II. Background and related work 

Due to high accuracy and prediction quality data mining 
technique is widely used in different areas. Higher Education 
sector is also enriched with the help of this technique. A 
number of journal and literature are available containing 
higher educational data mining. Few of them are listed below 
for reference. Merceron A et al. concluded that association 
technique requires not only that adequate thresholds be 
chosen for the two standard parameters of support and 
confidence, but also that appropriate measures of 
interestingness be considered to retain meaning rules that 
filter uninteresting ness ones out[10]. 

Tan P N, kumar V and srivastava J proposed that many 
measures provide conflicting information provide the 
interestingness of a pattern and the best metric to use for a 
given application domain is rarely known. They made a 
comparative study on all interestingness measures and present 
a small set of table such that an expert can select a desirable 
measure [16]. Merceron A et al. investigated the 
interestingness of the association rules found in the data to 
look for mistakes often made together while solving an 
exercise, and found strong rules associating three specific 
mistakes [11]. Oladipupo O.O. and Oyelade O.J. study has 
bridge the gap in educational data analysis and shows the 
potential of the association rule mining algorithm 
for enhancing the effectiveness of academic planners and 
level advisers in higher institutions of learning [13]. 
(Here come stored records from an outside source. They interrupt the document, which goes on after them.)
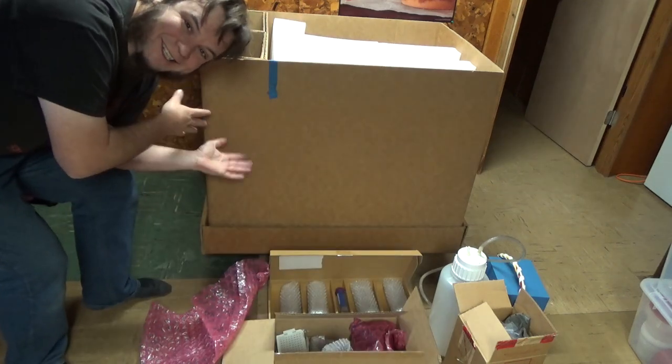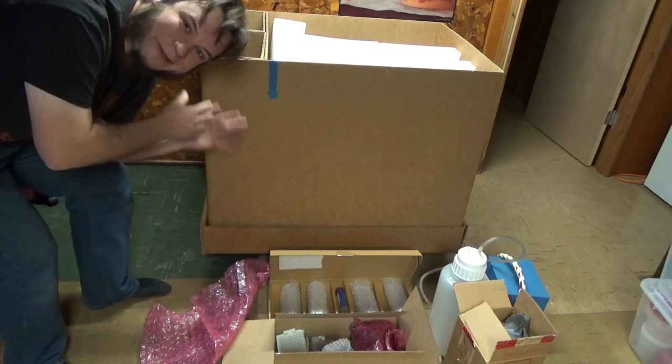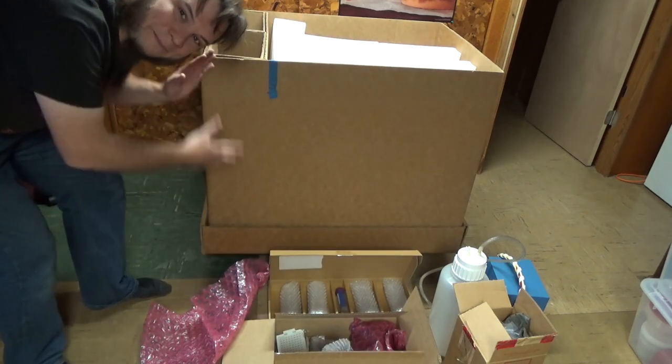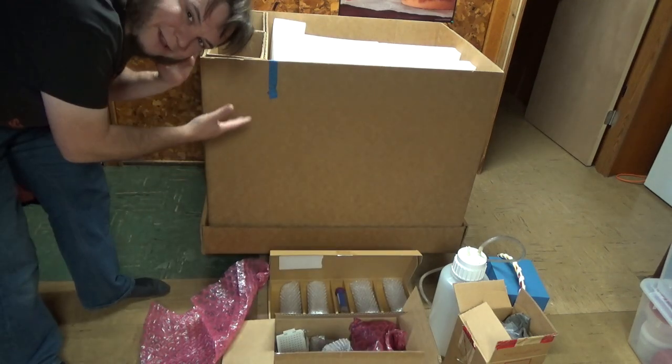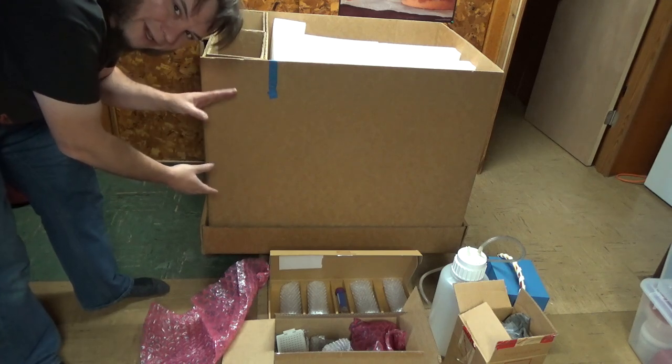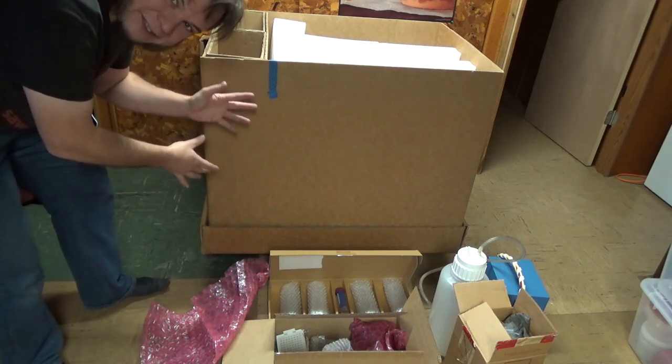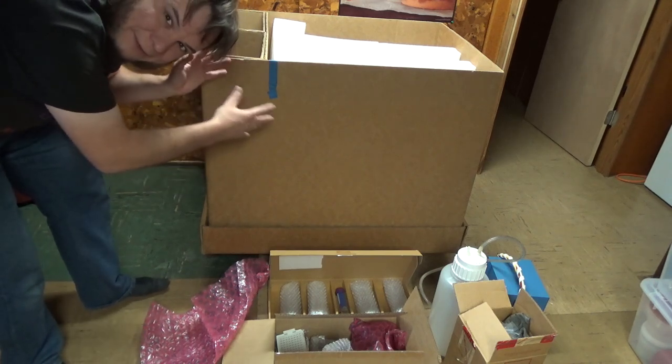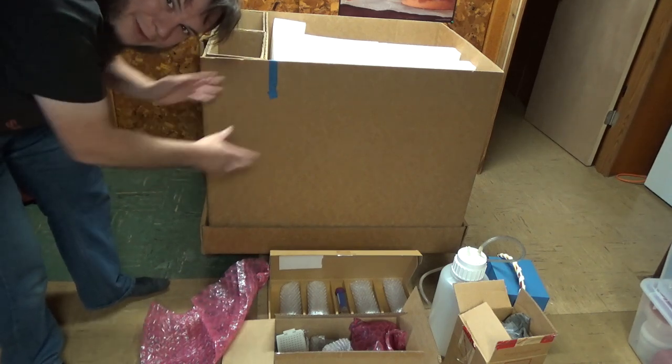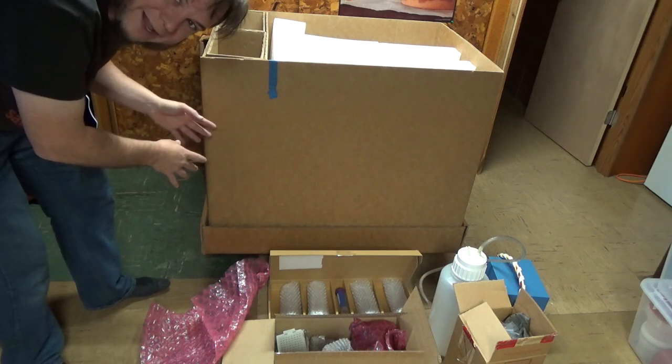Okay, so we're still getting to the guts of this thing. The actual lab unit or sequencer unit that's inside this crate. Let's see if we can get the whole box apart and look at it.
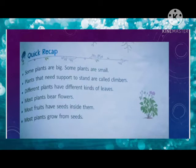Most plants bear flowers. Most fruits have seeds inside them — most fruits ke andar seeds hote hain. Most plants grow from seeds — aur jo plants hain wo seeds mein se grow karte hain. Jo fruits ke andar seed nikalta hai, aur wo seed hum bahar nikalte hain to usi seed se phir grow karte hain.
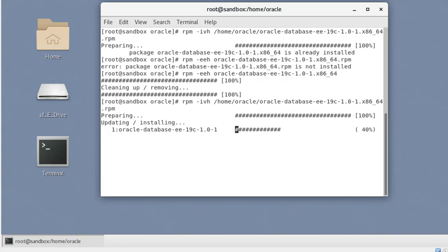Hopefully this is something you'll use or play around with. If you do use this method for a production install, let us know in the comments how it went and whether you'd use this method for production installations. Hope this was useful. That concludes this short tutorial. Thanks for watching — do subscribe for more short videos and tech webinars. My name is Aman Sharma and I'll see you in another video soon.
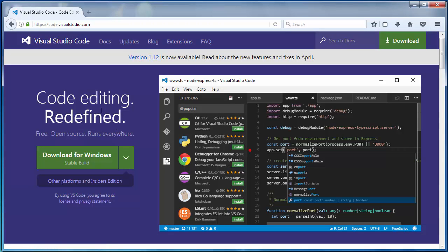Visual Studio Code is a new free open source and multi-platform editor.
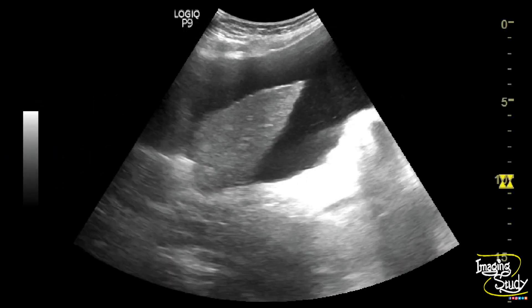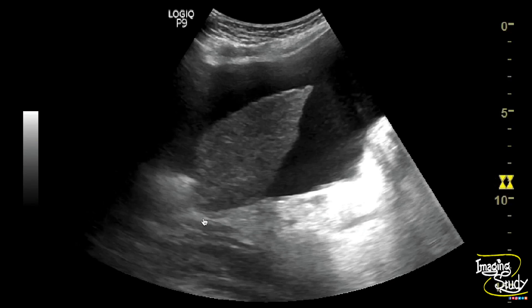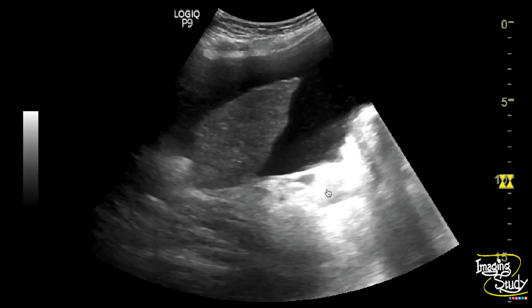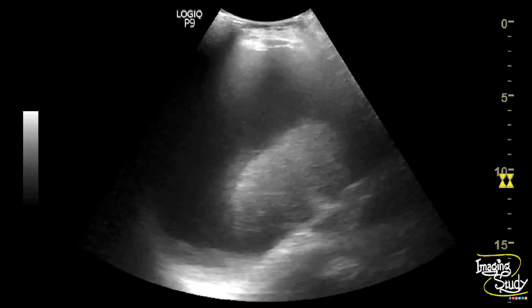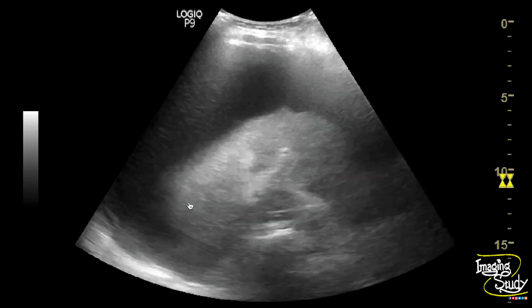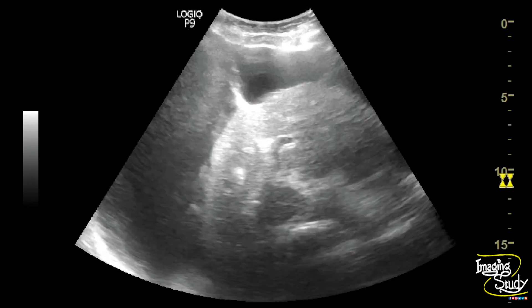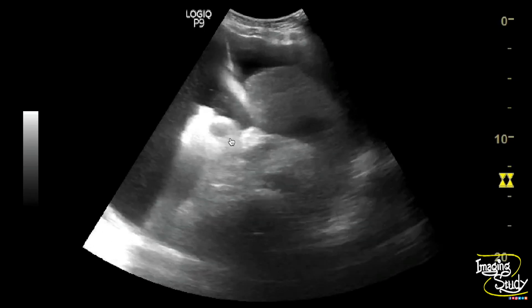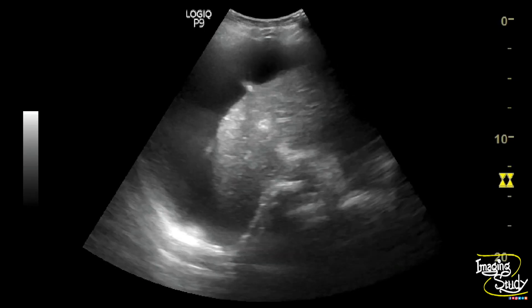Here you can see the left lobe of the liver, which is smaller in size and irregular in shape. There is a huge amount of ascitic fluid collection. You can see both the right and left lobes of the liver — the liver is smaller in size, irregular in shape, with coarse echogenic parenchyma.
Hijazi and Naqvi conducted study to analyze “students’ 
attitude towards attendance in class, hours spent in study on 
daily basis after colleges, family income, students’ mother’s 
age and mother’s education are significantly related with 
student performance [7]. Pandey U. K. and Pal S. conducted 
study on the student performance based by selecting 600 
students from different colleges of Dr. R. M. L. Awadh 
University, Faizabad, India. By means of Bayes Classification 
on category, language and background qualification, it was 
found that whether new comer students will performer or not 
[19]. Bray conducted a comparative study to find out private 
tutoring percentage in different countries. He revealed that 
India has highest percentage of student’s compare to 
Malaysia, Singapore, Japan, China and Sri Lanka [3]. 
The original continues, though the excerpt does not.